Task data:
####################

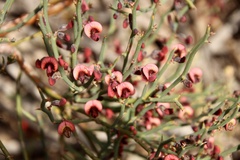 Daviesia brevifolia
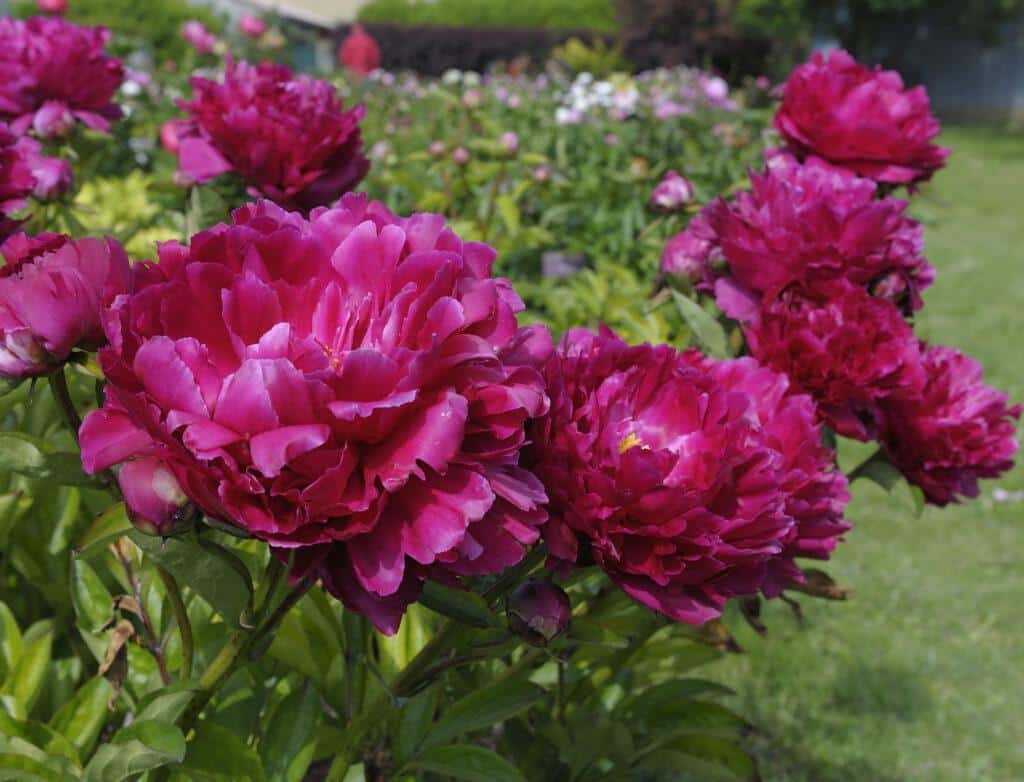 IRWIN ALTMAN - Pivoines Rivière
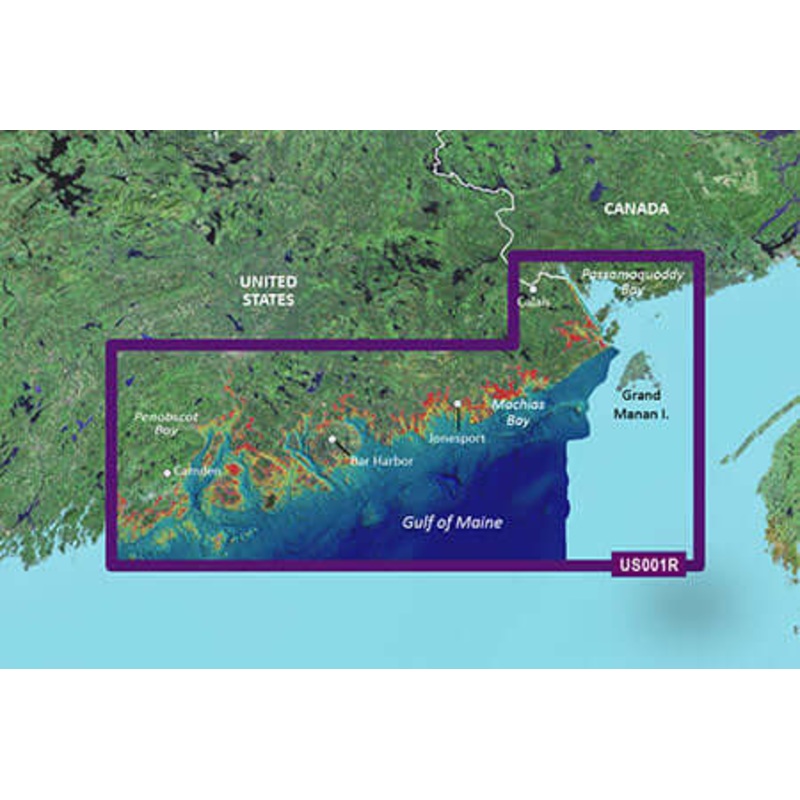 Garmin VUS001R G3 Vision North Maine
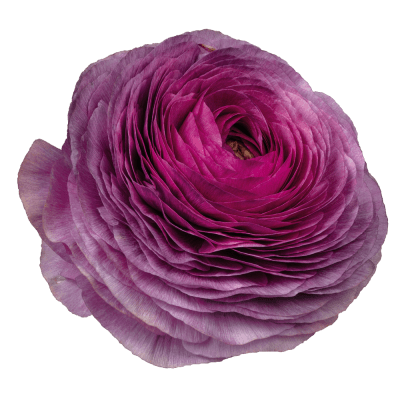 Italiensk Ranunkel Elegance ® Milka 10st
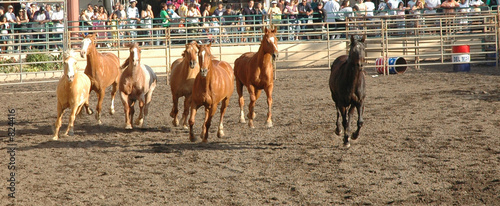 horse herd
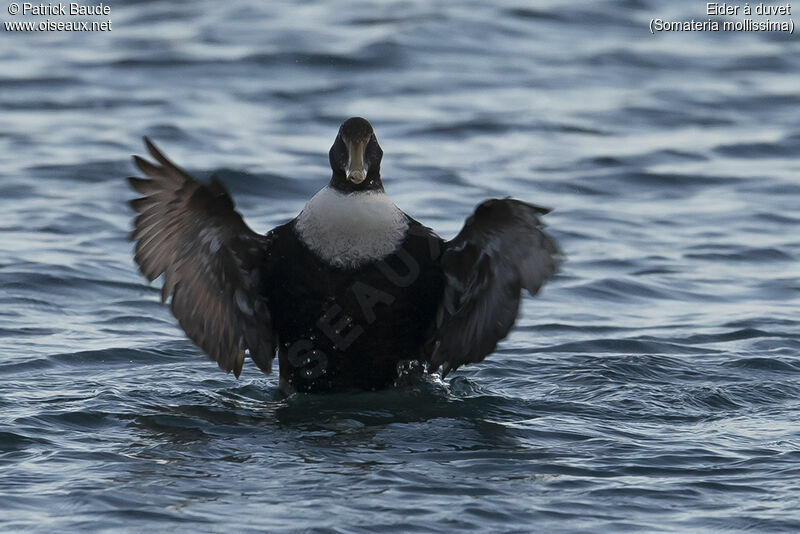 Eider à duvet mâle juvénile, portrait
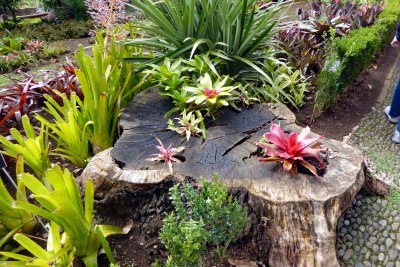 Bromelia at the Botanical Garden of Madeira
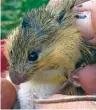  ?? U.S. FISH AND WILDLIFE FILE PHOTO ?? Environmen­talists say hundreds of grazing violations in Lincoln National Forest have pushed the endangered New Mexico meadow jumping mouse closer to extinction.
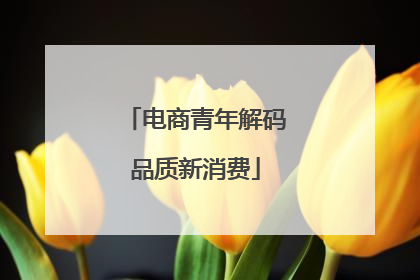 电商青年解码品质新消费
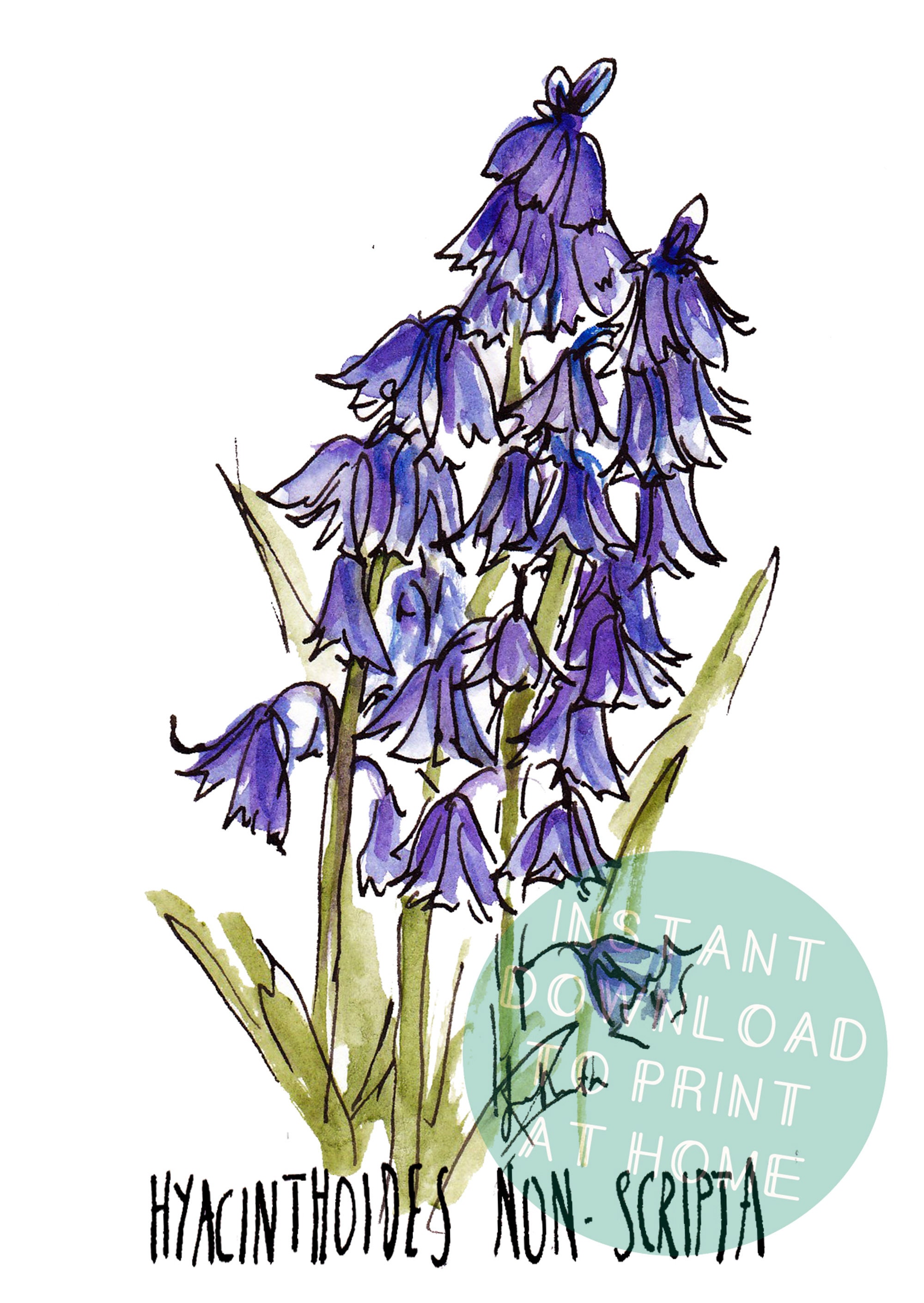 Bluebell Printable Wall Art Instantly download and print Etsy España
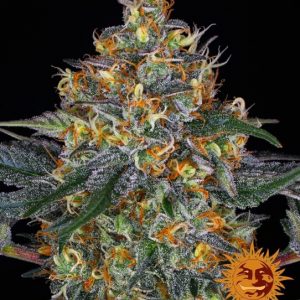 Moby Dick Auto Feminised Seeds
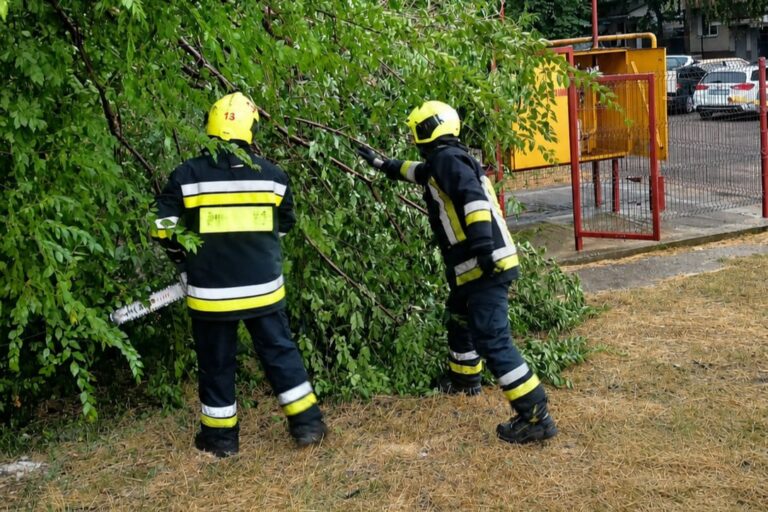 Vântul puternic a doborât zeci de arbori. Salvatorii au intervenit în 10 localități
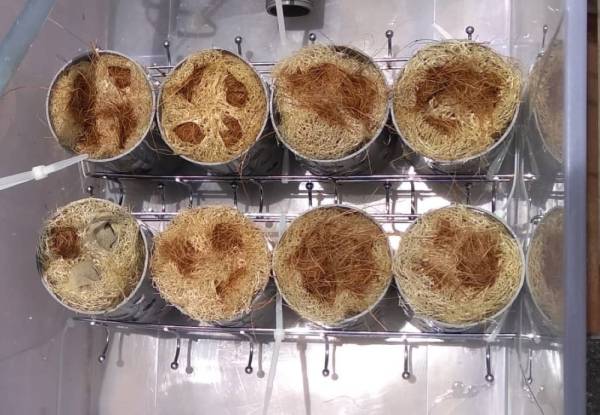 Colufnas berorientasikan kepada aplikasi geotekstil semula jadi daripada serat petola sebagai bahan penapis.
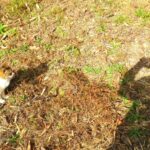 ねこ、風太　巡回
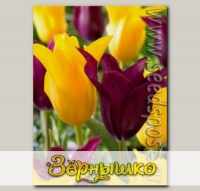 Тюльпан лилиецветный BURGUNDY/INIMITABLE MIXED, 20 шт.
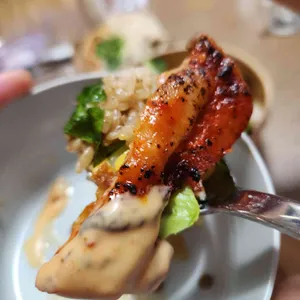 폴라니포케 사진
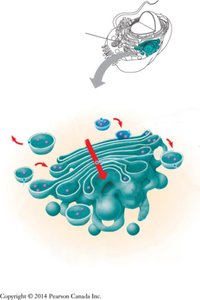 Golgi apparatus structure and vesicle trafficking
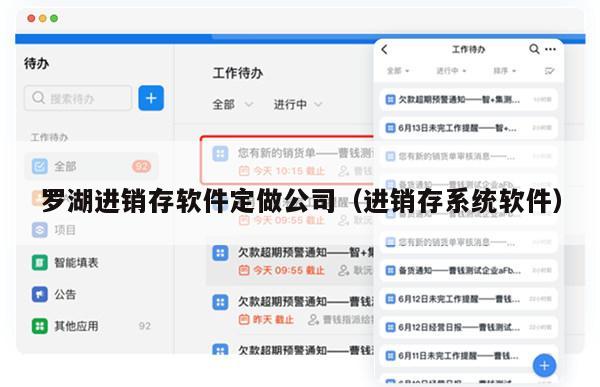 罗湖进销存软件定做公司（进销存系统软件）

####################

What is needed: Starting with the line that contains "Moby Dick Auto Feminised Seeds", reproduce every line to the end of the material above, both end lines included, exactly and with no pictures.

Solved exercise:
 Moby Dick Auto Feminised Seeds
 Vântul puternic a doborât zeci de arbori. Salvatorii au intervenit în 10 localități
 Colufnas berorientasikan kepada aplikasi geotekstil semula jadi daripada serat petola sebagai bahan penapis.
 ねこ、風太　巡回
 Тюльпан лилиецветный BURGUNDY/INIMITABLE MIXED, 20 шт.
 폴라니포케 사진
 Golgi apparatus structure and vesicle trafficking
 罗湖进销存软件定做公司（进销存系统软件）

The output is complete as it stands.